◆ Brief:
Restate the data below word for word. Skip any images it contains.

◆ Data shown:
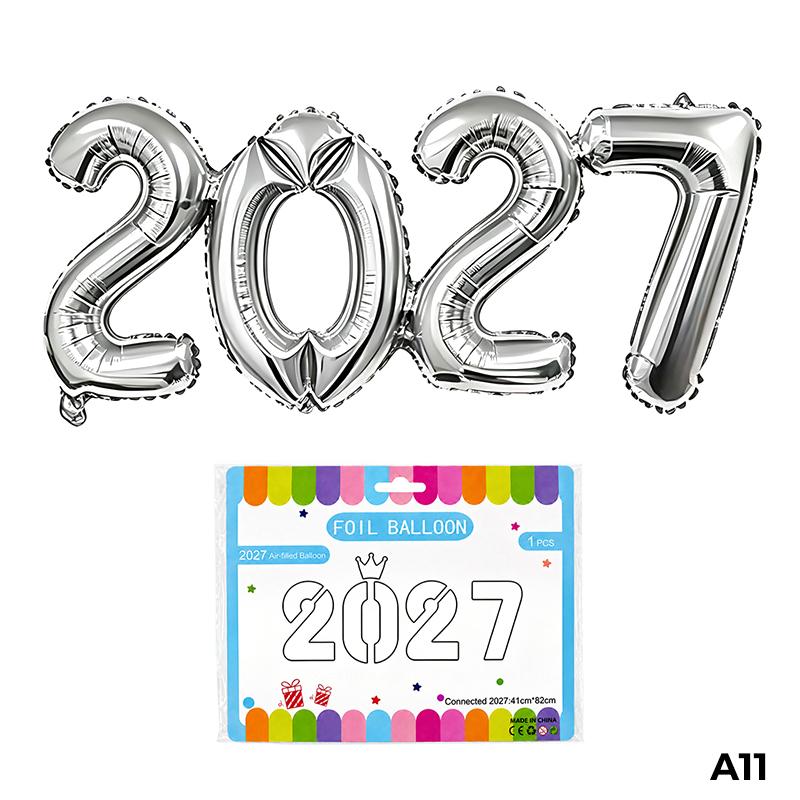 16 Inch Multicolor 2027 Number Balloons Crown Foil Inflatable for New Year Birthday Party Decoration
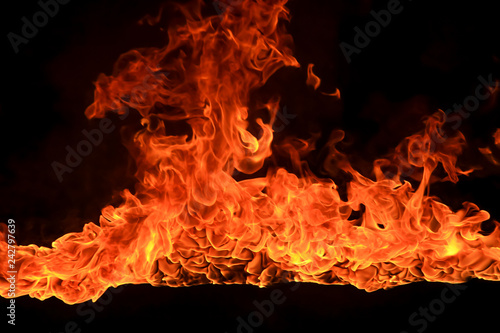 Blazing flames on black background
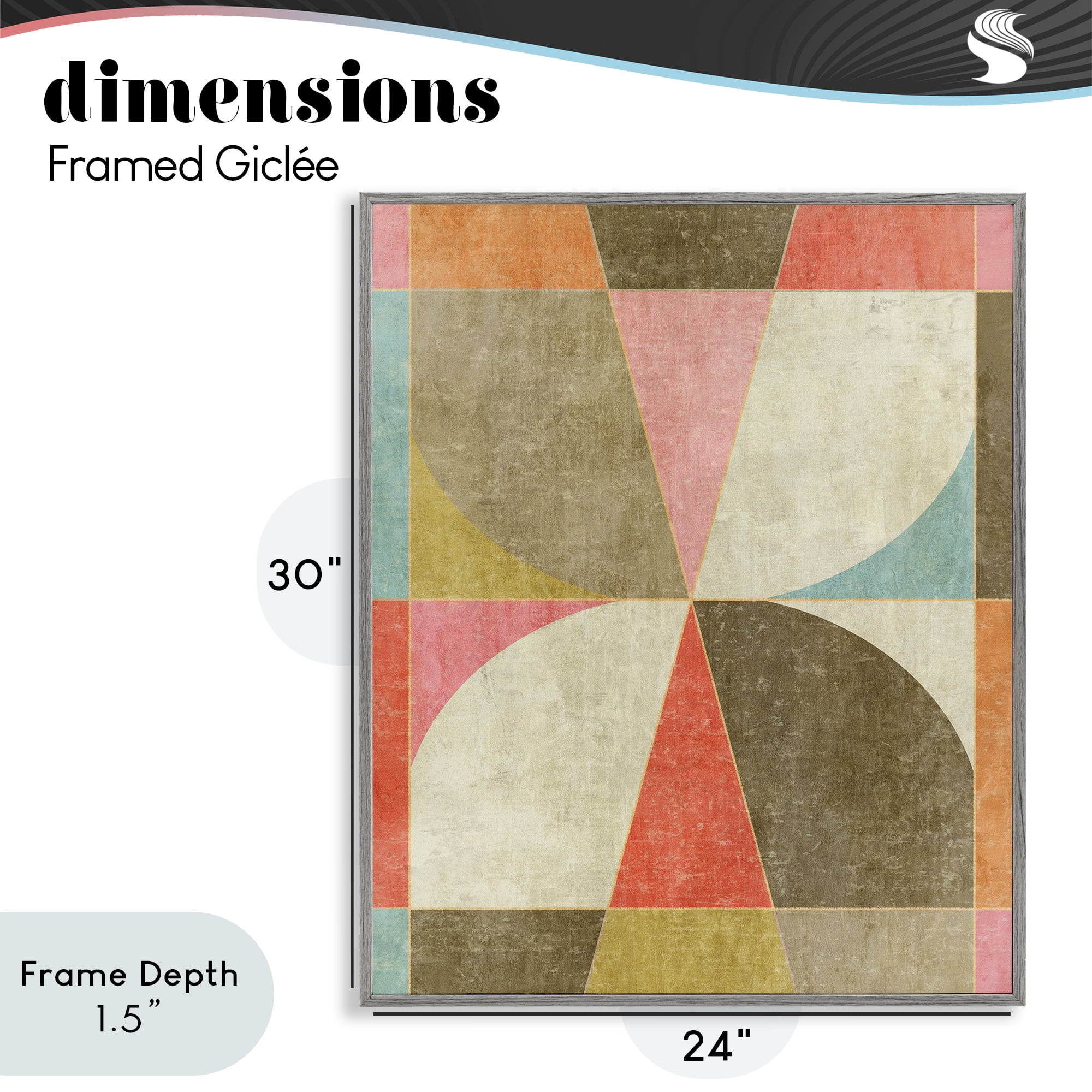 Stupell Industries Pinwheel Symmetric Shapes Gray Framed Giclee Art, design by Suzanne Nicoll
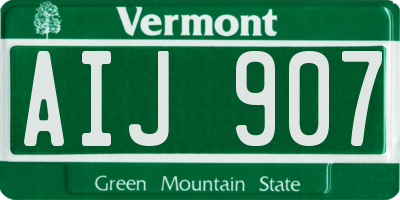VT license plate AIJ907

◆ Result of this task:
 16 Inch Multicolor 2027 Number Balloons Crown Foil Inflatable for New Year Birthday Party Decoration
 Blazing flames on black background
 Stupell Industries Pinwheel Symmetric Shapes Gray Framed Giclee Art, design by Suzanne Nicoll
VT license plate AIJ907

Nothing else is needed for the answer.